(Task description):
Please find the line that holds "Polo Azul Hombre Penguin" below and reproduce it, along with every line after it through the end, exactly and without pictures.

(Available data):
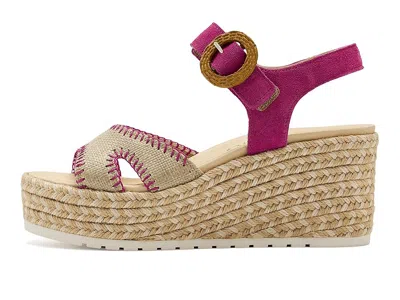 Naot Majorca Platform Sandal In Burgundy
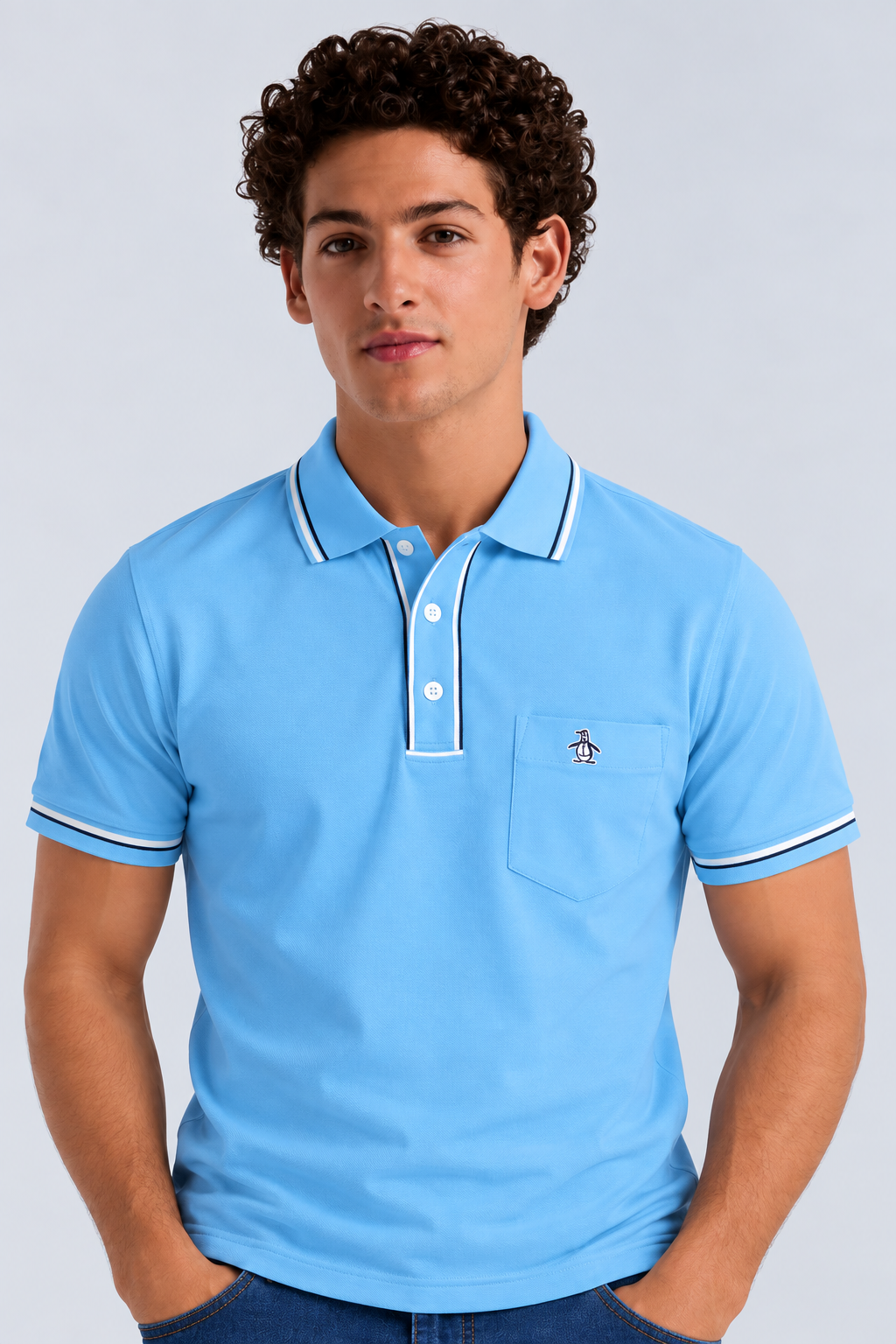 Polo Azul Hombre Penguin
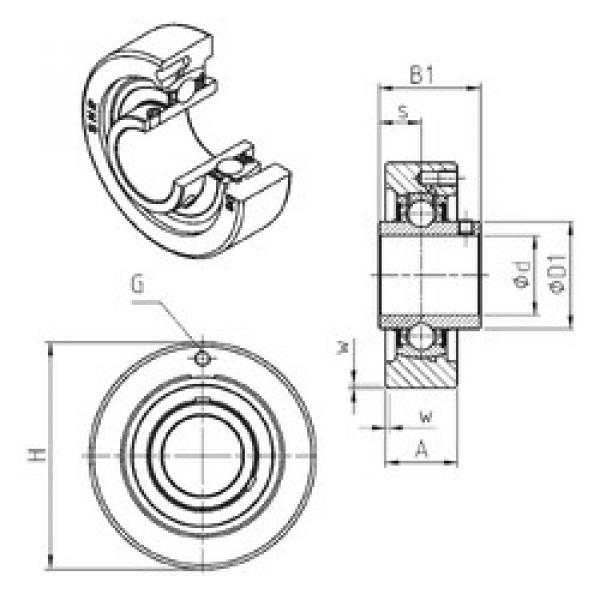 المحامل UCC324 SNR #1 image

(Response):
 Polo Azul Hombre Penguin
 المحامل UCC324 SNR #1 image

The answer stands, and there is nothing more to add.